We have two types of Doubles games as with Singles…we have the 2-serve game and we have the 1 serve game.  If we stick with our game plan of going for the Ace on the first serve (during a 2 serve game) then the second serve and the 1 serve game basically break down to be the same strategies.

In doubles, Ace serving is much tougher than in singles.  The angles have changed dramatically.  It’s obvious that the receiver can cover ½ of the court much easier so it’s rare (not impossible) that you will be able to consistently get a two bounce ace serve by him at any angle.  For this reason, I make use of the crack ace. 

I usually play the backhand side (assuming right handed players).  I line my feet up about a foot from the 3-foot screen line on my side.  I’m a foot away so my butt or my racquet won’t cross that screen line during any part of my service motion.  I step straight forward (with the two step method) and drive the ball trying to hit about 2 inches high on the side wall and 2 inches before the short line...this will make the ball kick off the side wall and bounce twice almost before the safety line.  Once again, I’m the one throwing darts for an ace.  My opponent can’t do anything.  If I miss, it’s a tad short and we move onto 2nd serve.

Now don’t get me wrong…before we move to second serve there are a bunch of other 1st serves that are non-Ace serves that produce a very weak return.  These serves are risky to use as a second serve and sometimes you may just want to go with these as a first serve.  This group consists of, but is not limited to, jams serves, hard z-serves and even great lob serves.

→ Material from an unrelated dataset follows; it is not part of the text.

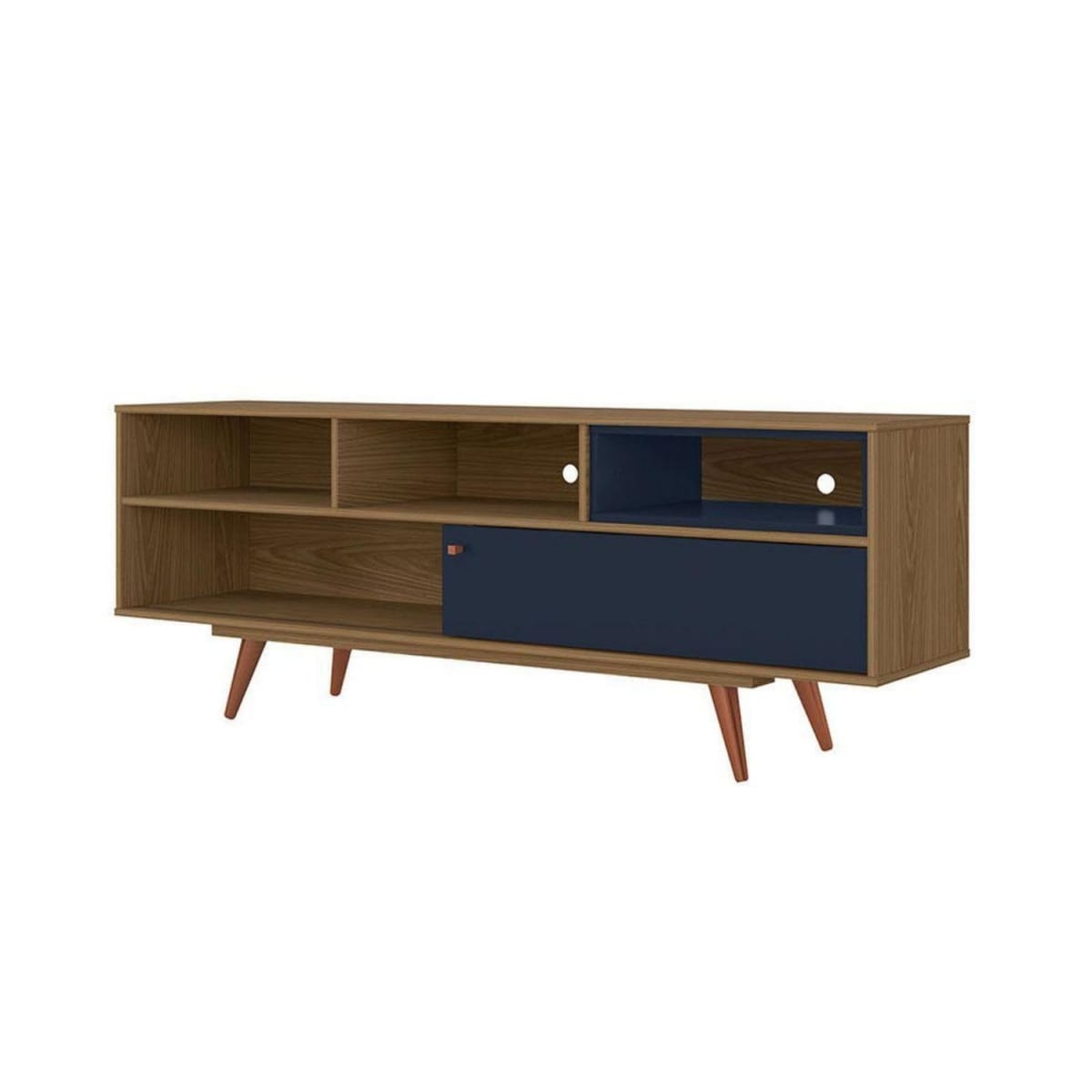 Rack Tv 70" Retro Lyon - Azul Navy - Imagen 2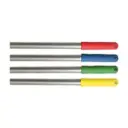 ALUMINIUM HANDLE 150CMS H+T WITH BLUE CAP PROFESSIONAL YH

Once I get to a second serve (or a 1 serve game) situation in doubles my objectives change.  I want to limit the receivers return options.  The way I look at the situation is this:  The receiver has three basic return shots.  (down the line, pinch, and cross court pass)  If my partner and I can only cover two of the three returns, my serve must eliminate that 3rd option. 

I like to call these types of serve situations “trap” plays.  I like to use a high lob nick or a solid hard Z-serve.  Both these serves (after hitting the side wall) travel toward and along the back wall.  This forces the receiving player to essentially move backwards to track the ball and this movement makes it almost impossible to hit cross court at my partner.  I give enough room for the down the line and my partner covers the pinch…the receiver is trapped….if he doesn’t hit a perfect shot we have them.

Your doubles partner can mirror your serves on the other side.

I get so many questions on this next situation I thought I would weigh in here.  While the rules do allow you to serve to either player at any time, I would like to make a couple suggestion to avoid, well, avoidables and half the number of people getting hit by the ball.  If you want to serve to the side your partner is standing on…hit a lob he can sneak under.  If you want to driver serve to that side…move your partner over to the other side.  If you hit a drive serve to your partner’s side and he gets crushed by a down the line shot because he didn’t even think you were hitting to his side….it’s your fault.  If he’s not fast enough to clear for a cross court return it’s both your faults and not the receiver’s fault at all…he is entitle to that shot.  You can not use your partner as a pylon to force the receiver to shoot around him.

There are many more doubles serve scenarios…but I can’t give you everything all at once especially on a suplemental tip article.  Go out there and “trap” the other team for a while with these tips and see how easy that is..we’ll explore more doubles scenarios later.